Ein Tag mit einer Schulsozialarbeiterin : Ihr Job: die soziale Schule

Schulsozialarbeit ist ein Begriff, der erst seit einigen Jahren zur Debatte in der Schulpolitik gehört. Die Frage lautet dann: "Können wir uns das leisten?" Was der Ertrag dieser Arbeit tatsächlich ist, wird selten besprochen.

Eine Rundschau-Redakteurin durfte es erfahren. Sie machte bei Susanne Krieb, Schulsozialarbeiterin an der Grundschule Germanenstraße, ein Tagespraktikum.

Wäre Susanne Kriebs Büro ein Gemälde, würde der analysierende Betrachter viel über die Frau mit dem ruhigen Blick und ihre Arbeit an der Grundschule Germanenstraße lernen. Das Büro in dem backsteinernen Schulgebäude, dessen Mauern seit den Anfängen des 20. Jahrhunderts in Wichlinghausen stehen, ist gleichermaßen provisorisch wie gemütlich.

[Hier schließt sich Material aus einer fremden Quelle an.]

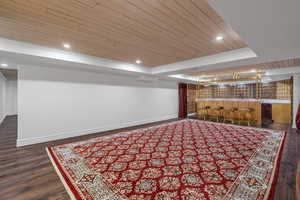 Finished basement featuring wooden ceiling, dark wood-style floors, recessed lighting, ornamental molding, and wet bar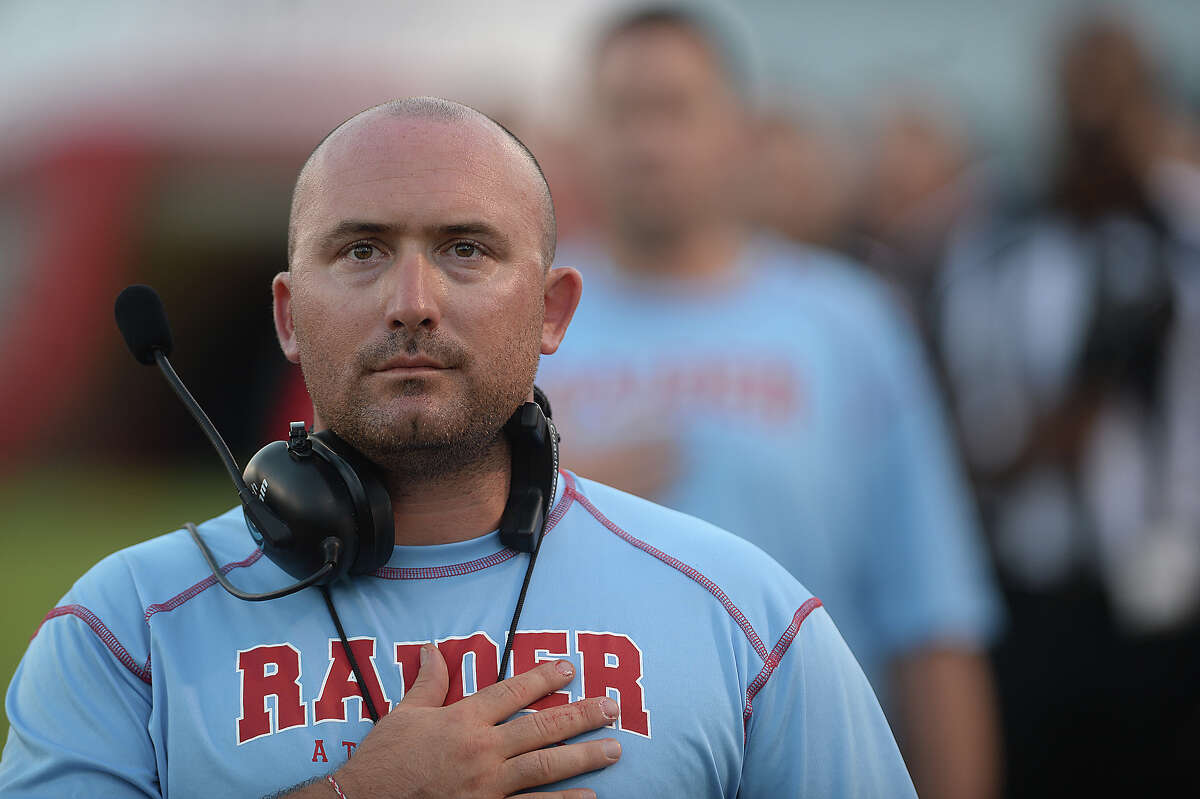 Lumberton's head coach Chris Babin joins in observing the National Anthem before they face Ozen during their district match-up Friday night in Lumberton. Photo taken Friday, September 25, 2015 Photo by Kim Brent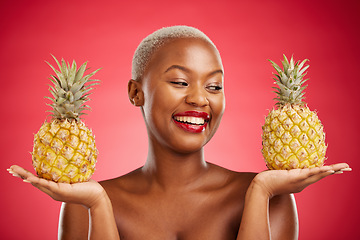 Image showing Pineapple, beauty and face of a woman in studio for healthy food, diet or fruit. Black female model with makeup on red background for wellness glow, natural cosmetics and tropical or citrus skin care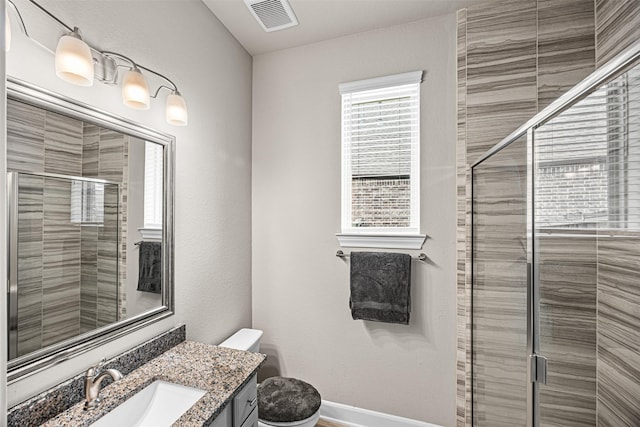 full bath with toilet, vanity, visible vents, baseboards, and a shower stall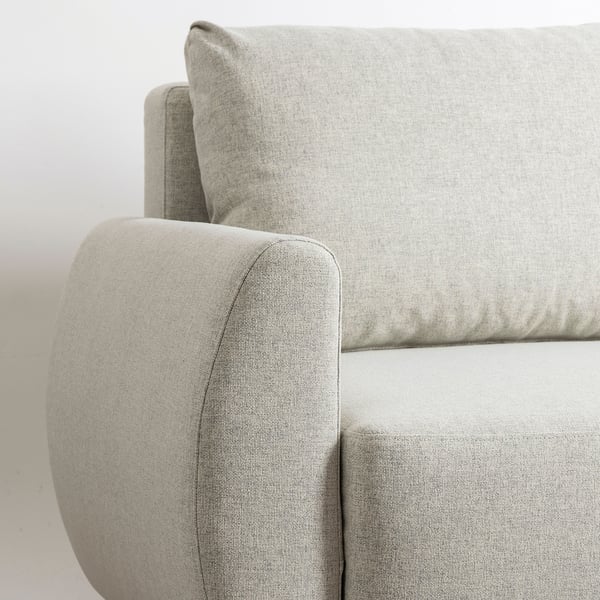 Modern grey sofa with clean lines. Soft, upholstered cushions; sturdy armrests and back, promising comfort and durability.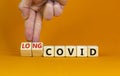 Long covid symbol. Doctor turnes wooden cubes and changes words `covid` to `long covid`. Beautiful orange background, copy spa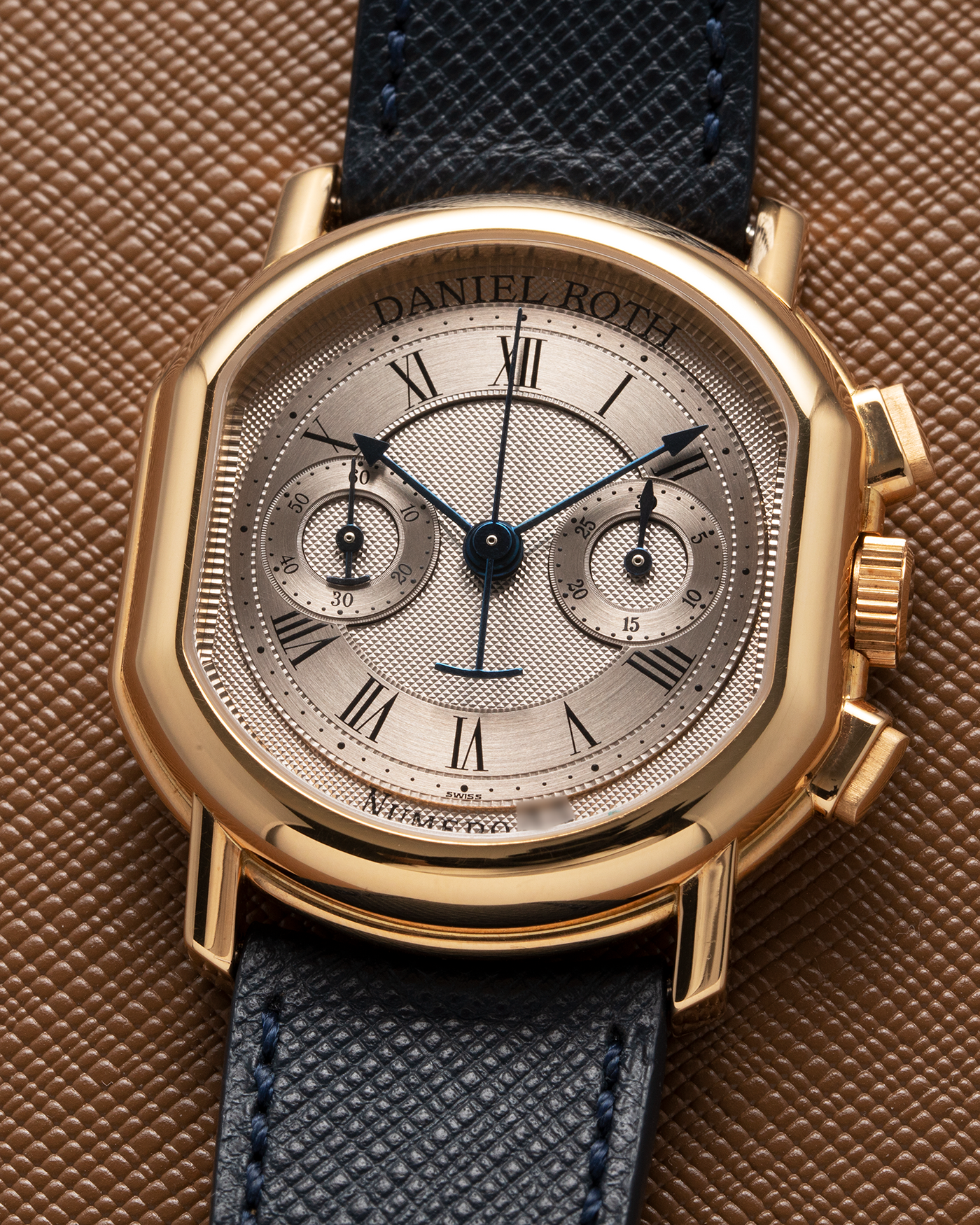 Brand: Daniel Roth Year: 1990’s Model: C147 Material: 18k Yellow Gold Movement: Lemania 2320 Case Diameter: 35mm X 38mm Strap: Molequin Navy Blue Textured Calf Strap and 18k Yellow Gold Daniel Roth Tang Buckle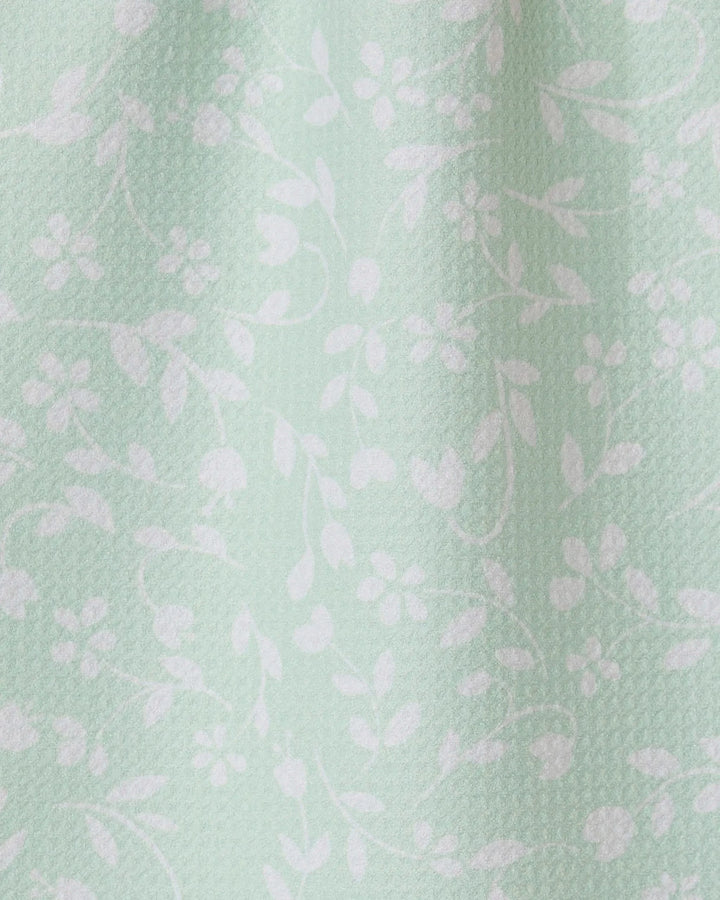 The Dandy towel by GEOMETRY features light mint green fabric with a subtle texture and delicate white floral vine pattern. Ultra-absorbent, it drapes softly for an elegant, functional touch in your space.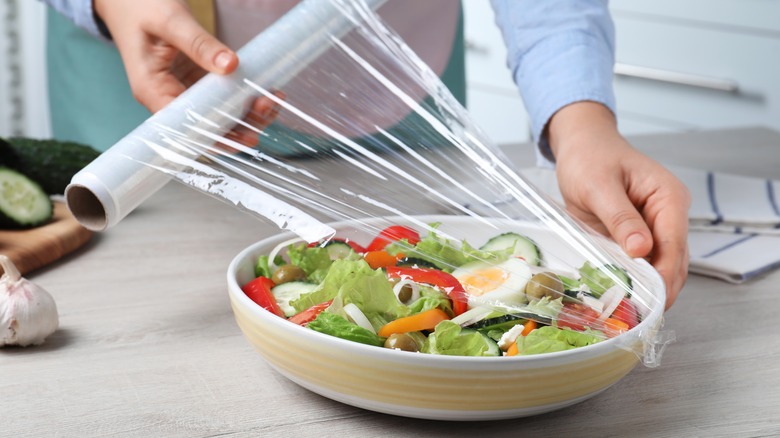 pulling plastic wrap over salad bowl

Der Schreibtisch kommt mit seinen Unterlagen, dem Telefon und PC an seine Grenzen. Ordner stapeln sich hoch an der Wand, in der Ecke steht auf einem schmalen Regal eine Kaffeemaschine, die gerade blubbernd vor sich her dampft. Auf dem Schreibtischstuhl sitzt Susanne Krieb, die seit 2011 hier im Raum Nummer 2 ihren festen Platz bezogen hat.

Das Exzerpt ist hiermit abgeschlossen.